Tea, Tea and More Tea.......2006-11-02
I found the book to be a fascinating look (from a British prospective) and the history of tea. From the plant's beginnings in China to its spread to India and then Africa it's all there. What is different is the majority of the book is dedicated to the overwhelming suffering of the people who grew and harvested the tea from the plantations. Even the Chinese suffered as the British sought to balance the trade imbalance by hooking the Chinese on opium, with devastating effects. One problem I do have is that the author spends so much of the book on the suffering of the growers that his very interesting personal story is cut off. It's as if he was told he had 272 pages and no more. I can't see how the proof-readers and editors went to press with such a hang at the end. This is the reason I give the book 4 stars. Overall it's a great book; just don't expect to find out what happens to the author at the plantation he was managing in Africa.

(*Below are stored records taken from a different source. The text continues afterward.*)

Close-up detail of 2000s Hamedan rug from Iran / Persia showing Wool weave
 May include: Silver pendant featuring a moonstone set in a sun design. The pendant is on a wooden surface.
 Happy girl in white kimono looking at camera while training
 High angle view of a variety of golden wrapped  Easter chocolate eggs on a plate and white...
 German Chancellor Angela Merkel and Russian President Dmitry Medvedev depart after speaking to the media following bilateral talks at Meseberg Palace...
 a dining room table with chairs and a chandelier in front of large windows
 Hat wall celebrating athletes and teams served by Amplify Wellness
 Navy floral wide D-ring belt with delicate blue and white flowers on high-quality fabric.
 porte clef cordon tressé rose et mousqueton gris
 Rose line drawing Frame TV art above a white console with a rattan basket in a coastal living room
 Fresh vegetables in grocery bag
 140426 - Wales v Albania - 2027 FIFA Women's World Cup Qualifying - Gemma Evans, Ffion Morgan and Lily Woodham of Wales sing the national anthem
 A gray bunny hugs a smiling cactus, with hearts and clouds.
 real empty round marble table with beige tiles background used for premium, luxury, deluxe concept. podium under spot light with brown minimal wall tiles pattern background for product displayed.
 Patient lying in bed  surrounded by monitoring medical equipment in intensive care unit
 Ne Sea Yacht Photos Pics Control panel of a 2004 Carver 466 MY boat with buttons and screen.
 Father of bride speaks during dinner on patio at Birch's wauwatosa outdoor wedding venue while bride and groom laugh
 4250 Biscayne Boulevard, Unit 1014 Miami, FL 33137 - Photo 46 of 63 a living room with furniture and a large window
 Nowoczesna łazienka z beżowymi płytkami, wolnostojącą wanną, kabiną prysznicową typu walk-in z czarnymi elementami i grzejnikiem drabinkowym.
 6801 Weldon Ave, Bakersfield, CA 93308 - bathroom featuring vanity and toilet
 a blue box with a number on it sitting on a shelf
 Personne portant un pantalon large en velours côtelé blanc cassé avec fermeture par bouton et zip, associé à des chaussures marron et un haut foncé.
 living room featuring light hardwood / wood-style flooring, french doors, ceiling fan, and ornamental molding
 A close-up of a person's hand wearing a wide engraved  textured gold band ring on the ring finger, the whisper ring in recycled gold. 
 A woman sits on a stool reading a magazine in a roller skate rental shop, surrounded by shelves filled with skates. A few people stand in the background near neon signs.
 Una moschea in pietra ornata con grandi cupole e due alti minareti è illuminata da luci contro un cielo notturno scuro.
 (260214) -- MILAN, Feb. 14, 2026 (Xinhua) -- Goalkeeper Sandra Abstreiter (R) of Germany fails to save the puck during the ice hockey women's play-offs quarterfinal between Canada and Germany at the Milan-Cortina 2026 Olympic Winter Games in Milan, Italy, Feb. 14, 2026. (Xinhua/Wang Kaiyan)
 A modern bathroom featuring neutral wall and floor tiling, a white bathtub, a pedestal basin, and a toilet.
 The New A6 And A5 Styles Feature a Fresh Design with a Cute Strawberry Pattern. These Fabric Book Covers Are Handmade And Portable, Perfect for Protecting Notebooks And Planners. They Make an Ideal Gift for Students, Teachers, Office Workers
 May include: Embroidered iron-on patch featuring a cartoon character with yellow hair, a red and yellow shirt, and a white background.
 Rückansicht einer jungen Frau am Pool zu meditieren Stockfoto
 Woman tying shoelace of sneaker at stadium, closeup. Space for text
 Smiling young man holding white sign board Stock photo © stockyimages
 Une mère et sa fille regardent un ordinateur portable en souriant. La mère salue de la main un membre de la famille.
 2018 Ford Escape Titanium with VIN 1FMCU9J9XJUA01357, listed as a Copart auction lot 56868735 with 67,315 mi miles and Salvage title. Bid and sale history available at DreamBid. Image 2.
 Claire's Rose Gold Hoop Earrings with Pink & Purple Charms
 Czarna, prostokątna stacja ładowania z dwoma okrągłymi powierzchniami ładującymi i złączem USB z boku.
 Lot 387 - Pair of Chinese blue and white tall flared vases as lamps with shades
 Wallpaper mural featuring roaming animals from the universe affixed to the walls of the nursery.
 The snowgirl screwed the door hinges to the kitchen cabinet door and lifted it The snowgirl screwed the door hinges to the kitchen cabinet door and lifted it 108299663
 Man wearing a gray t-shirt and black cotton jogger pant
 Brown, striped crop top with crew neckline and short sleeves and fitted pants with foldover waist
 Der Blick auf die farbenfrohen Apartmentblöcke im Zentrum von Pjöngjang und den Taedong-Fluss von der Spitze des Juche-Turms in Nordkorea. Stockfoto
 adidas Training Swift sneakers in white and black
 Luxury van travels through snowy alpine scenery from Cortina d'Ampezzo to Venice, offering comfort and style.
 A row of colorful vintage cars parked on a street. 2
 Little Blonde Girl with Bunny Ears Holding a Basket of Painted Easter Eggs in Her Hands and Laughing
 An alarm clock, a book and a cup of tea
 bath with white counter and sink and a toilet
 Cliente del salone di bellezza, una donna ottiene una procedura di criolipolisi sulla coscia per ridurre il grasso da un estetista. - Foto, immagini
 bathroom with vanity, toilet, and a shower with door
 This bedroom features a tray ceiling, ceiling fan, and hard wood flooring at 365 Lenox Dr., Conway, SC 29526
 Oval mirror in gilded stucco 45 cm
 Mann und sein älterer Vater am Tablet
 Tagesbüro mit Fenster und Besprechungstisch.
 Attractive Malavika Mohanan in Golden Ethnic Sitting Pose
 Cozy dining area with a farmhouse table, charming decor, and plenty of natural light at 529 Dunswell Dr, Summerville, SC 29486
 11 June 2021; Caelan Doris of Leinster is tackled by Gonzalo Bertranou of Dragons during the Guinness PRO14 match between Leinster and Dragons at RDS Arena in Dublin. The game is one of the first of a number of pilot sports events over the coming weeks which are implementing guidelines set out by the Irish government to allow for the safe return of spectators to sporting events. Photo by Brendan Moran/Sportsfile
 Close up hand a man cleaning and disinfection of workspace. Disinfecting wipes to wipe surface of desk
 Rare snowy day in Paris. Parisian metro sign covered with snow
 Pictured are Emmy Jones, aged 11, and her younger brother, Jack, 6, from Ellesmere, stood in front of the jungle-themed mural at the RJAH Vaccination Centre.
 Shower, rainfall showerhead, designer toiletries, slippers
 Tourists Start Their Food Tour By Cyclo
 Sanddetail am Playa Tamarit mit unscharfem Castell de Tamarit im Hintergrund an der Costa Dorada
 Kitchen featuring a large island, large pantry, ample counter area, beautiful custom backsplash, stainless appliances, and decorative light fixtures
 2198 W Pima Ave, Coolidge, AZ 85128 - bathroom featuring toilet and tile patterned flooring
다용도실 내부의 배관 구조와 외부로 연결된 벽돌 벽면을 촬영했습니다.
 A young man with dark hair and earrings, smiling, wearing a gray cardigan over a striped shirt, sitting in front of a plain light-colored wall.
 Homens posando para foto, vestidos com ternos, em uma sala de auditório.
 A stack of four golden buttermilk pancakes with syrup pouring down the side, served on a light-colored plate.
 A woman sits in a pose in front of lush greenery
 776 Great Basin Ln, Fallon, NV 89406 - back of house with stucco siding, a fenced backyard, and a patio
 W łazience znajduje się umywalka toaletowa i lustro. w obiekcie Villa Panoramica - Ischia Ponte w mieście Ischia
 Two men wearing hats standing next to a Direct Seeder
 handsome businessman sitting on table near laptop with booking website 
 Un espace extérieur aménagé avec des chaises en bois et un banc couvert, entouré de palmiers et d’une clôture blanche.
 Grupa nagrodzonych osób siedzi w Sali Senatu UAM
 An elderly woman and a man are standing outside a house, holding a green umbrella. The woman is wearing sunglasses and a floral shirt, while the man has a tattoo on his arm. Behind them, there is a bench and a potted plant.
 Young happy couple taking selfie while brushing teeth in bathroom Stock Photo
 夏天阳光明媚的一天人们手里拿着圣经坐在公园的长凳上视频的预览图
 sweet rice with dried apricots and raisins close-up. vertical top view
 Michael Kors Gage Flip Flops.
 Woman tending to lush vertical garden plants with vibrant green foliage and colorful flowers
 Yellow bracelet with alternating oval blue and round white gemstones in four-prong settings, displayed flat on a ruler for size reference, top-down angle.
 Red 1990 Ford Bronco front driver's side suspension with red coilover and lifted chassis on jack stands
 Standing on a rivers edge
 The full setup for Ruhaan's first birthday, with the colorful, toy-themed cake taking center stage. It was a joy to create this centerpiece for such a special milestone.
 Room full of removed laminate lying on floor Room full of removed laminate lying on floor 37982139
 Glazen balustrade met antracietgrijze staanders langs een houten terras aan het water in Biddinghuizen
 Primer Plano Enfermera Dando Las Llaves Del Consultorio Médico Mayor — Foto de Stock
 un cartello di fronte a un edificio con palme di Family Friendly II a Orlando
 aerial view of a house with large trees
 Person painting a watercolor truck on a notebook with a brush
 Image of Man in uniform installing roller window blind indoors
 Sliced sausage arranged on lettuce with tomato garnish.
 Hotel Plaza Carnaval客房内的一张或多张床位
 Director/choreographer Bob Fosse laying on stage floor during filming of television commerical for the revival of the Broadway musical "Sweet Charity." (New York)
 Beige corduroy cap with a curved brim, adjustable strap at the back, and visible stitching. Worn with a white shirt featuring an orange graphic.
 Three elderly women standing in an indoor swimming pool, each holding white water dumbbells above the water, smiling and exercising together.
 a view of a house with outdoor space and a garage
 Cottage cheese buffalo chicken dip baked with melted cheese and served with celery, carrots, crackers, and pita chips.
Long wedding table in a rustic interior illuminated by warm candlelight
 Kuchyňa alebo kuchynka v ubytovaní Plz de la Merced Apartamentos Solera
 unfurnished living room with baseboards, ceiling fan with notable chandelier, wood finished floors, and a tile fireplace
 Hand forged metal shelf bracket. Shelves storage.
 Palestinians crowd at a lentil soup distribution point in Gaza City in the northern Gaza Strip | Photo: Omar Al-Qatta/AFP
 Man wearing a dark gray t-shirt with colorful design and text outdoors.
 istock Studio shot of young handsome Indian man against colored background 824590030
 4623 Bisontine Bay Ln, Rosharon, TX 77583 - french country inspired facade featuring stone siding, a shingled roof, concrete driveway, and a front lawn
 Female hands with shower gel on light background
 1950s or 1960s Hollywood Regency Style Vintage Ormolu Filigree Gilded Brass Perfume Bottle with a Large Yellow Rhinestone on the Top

Engaging book.......2005-11-05
Roy Moxham's book on Tea is an absorbing read, and is peppered with very useful information and traces the history of tea. Perhaps, Moxham has started off a trend of sorts on single commodity books. His first was about salt and the great hedge of India. In that book his focus was more on the hedge, and less on salt. However in this book is focus is exclusively on tea and how it made its way to the western world.
Moxham's stint as a tea-planter in Africa certainly helps him to gain keen insights into this drink, that is beloved to so many of us. A cup of tea is meant to soothe your jangled nerves, and comfort you. But, what you did not know is that this comfort drink went through a bloody and dark period when it was introduced into Great Britain.
The book is rich with details, and Moxham's love for this plant comes through clearly. After reading the book, everytime I drink a cup of tea I look at the drink with a different perspective. We often forget the hard work that goes into making this comfort drink easily available to us.
The British Love Affair with Tea .......2005-10-04
Tea plantations are beautiful and the tea industry has an antiquarian charm. The author, Roy Moxham. captures some of that charm in this book -- but doesn't neglect describing the seamy side of British colonialism in India, China, Sri Lanka, and Africa. Moxham doesn't go much into botanical descriptions of tea or growing and harvesting techniques, but focuses on the history of tea consumption and production.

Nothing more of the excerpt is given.